» **RECORDED DATA**:
****

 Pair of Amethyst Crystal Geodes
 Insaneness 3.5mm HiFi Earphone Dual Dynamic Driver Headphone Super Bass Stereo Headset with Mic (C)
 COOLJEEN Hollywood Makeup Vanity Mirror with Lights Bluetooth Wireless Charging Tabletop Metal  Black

****

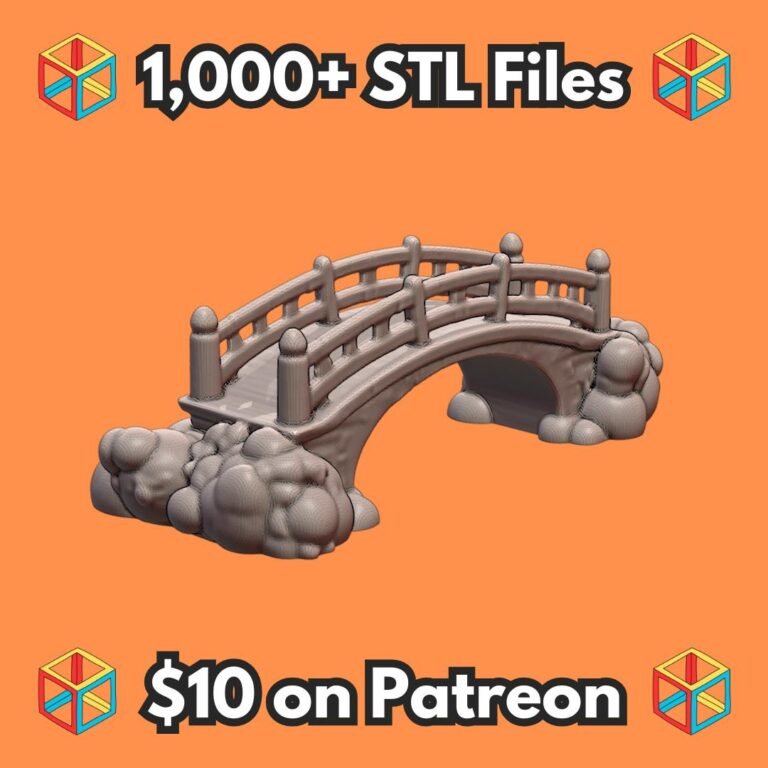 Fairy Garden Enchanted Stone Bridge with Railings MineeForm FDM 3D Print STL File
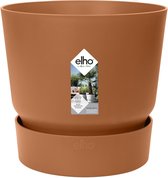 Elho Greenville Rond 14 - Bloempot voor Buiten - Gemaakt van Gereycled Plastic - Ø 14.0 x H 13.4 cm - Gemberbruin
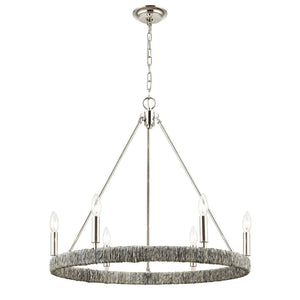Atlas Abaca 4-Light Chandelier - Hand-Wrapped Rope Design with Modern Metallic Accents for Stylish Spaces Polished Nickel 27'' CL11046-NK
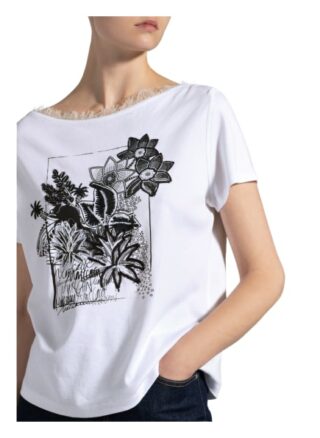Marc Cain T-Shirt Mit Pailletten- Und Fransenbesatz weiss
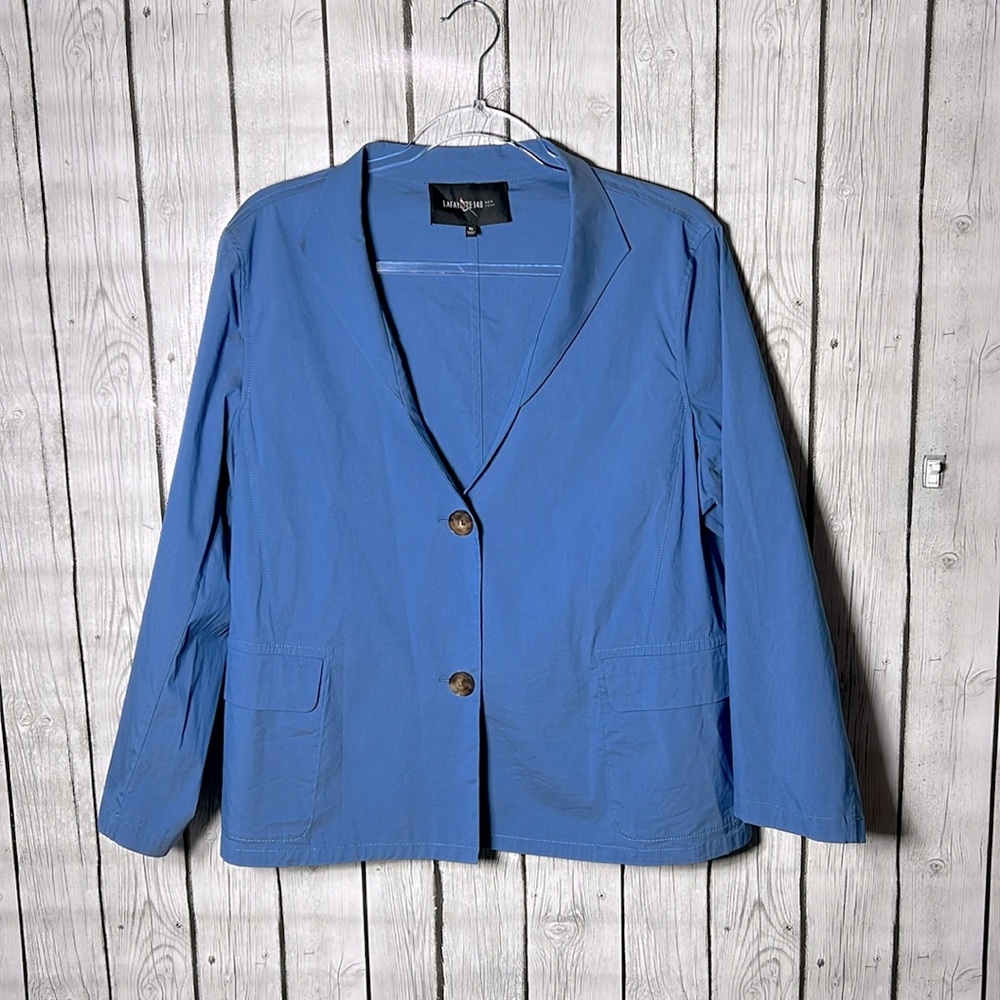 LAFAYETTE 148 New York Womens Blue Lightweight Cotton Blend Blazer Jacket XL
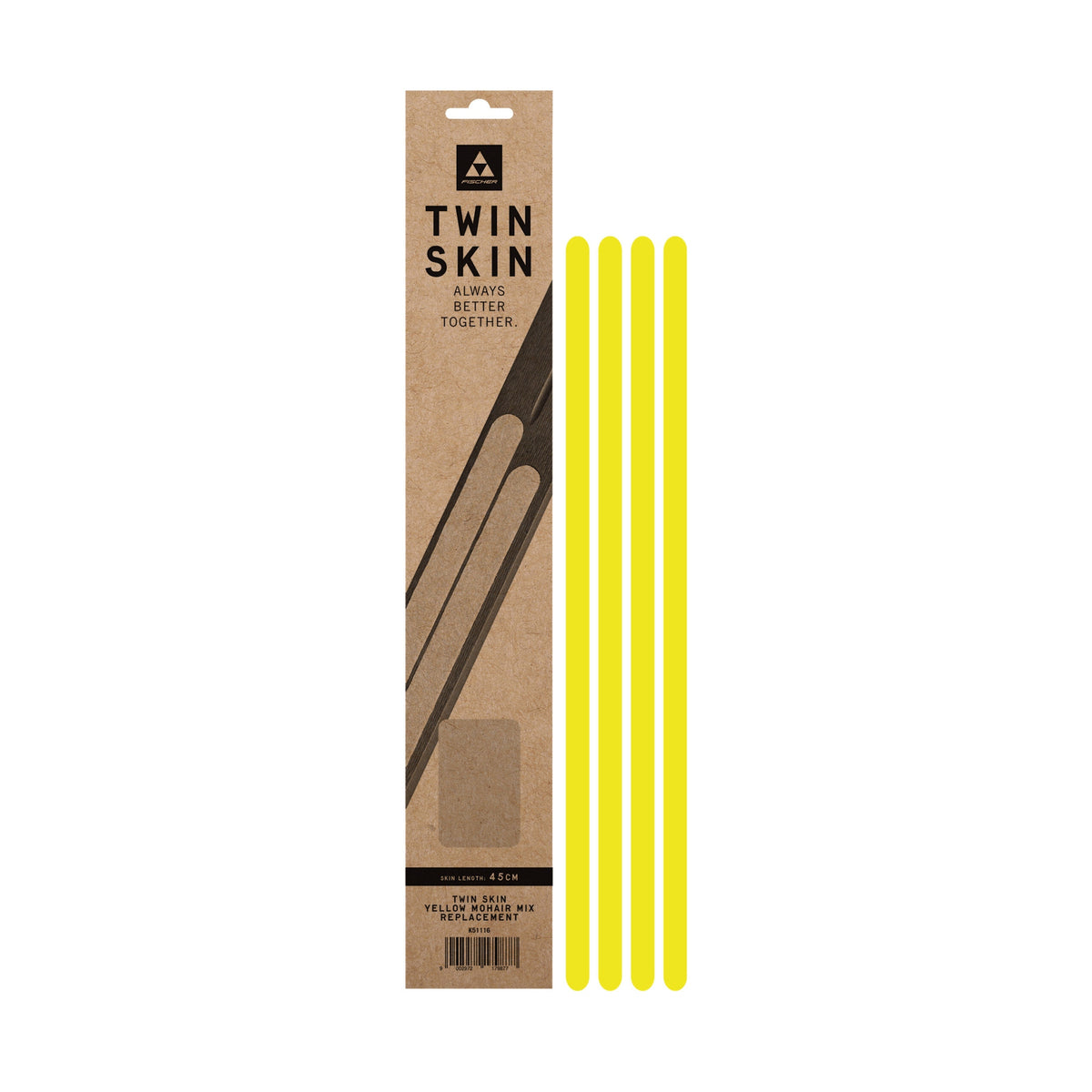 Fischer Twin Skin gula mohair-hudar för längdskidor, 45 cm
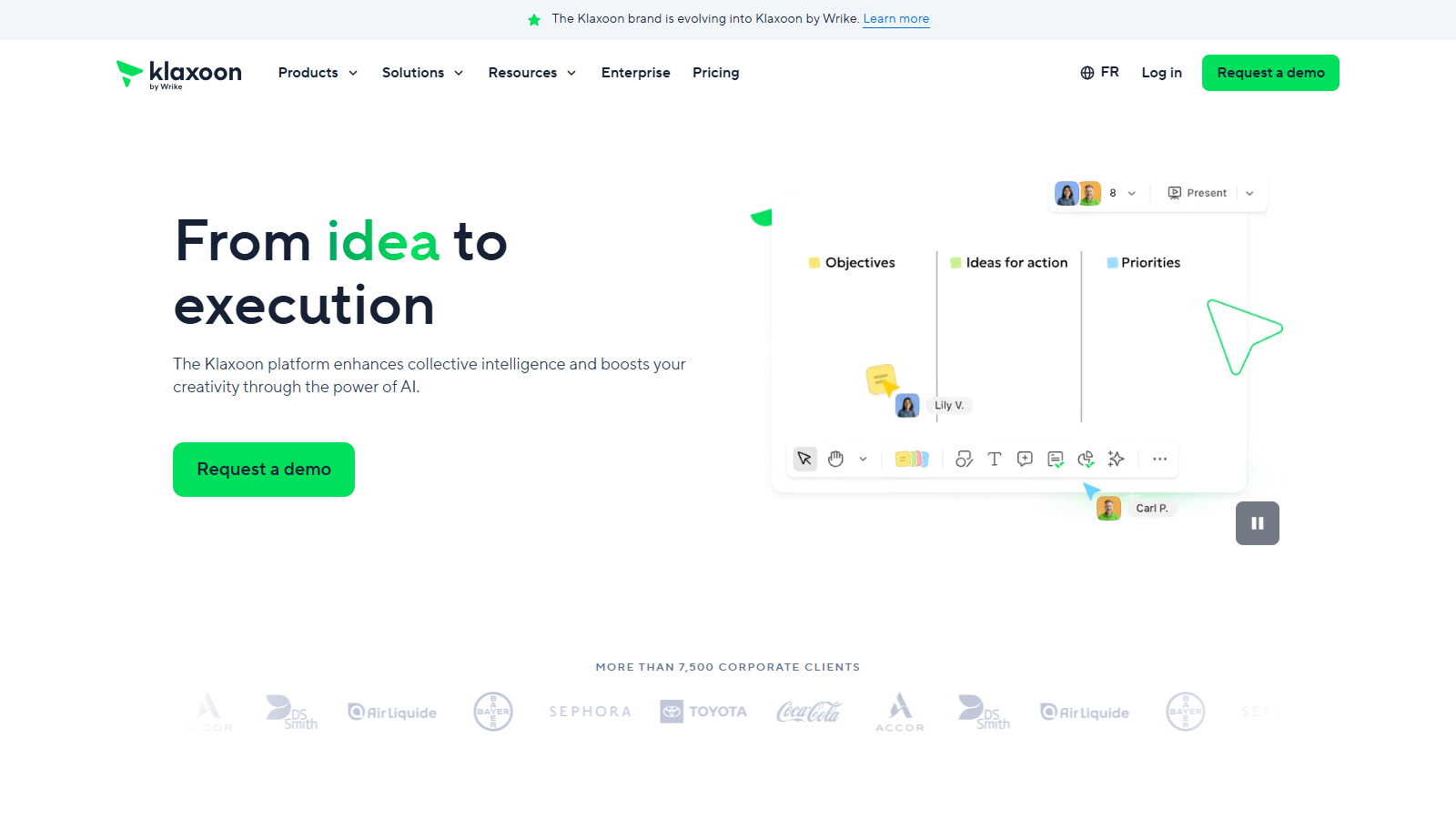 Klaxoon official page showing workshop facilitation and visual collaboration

****

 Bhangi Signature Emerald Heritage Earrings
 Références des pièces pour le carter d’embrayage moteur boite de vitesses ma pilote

****

» **PROBLEM DESCRIPTION**:
Within the listing above, give again exactly every line from the line with "Pair of Amethyst Crystal Geodes" through the line with "COOLJEEN Hollywood Makeup", both included, and no other line.

» **ANSWER BOX**:
 Pair of Amethyst Crystal Geodes
 Insaneness 3.5mm HiFi Earphone Dual Dynamic Driver Headphone Super Bass Stereo Headset with Mic (C)
 COOLJEEN Hollywood Makeup Vanity Mirror with Lights Bluetooth Wireless Charging Tabletop Metal  Black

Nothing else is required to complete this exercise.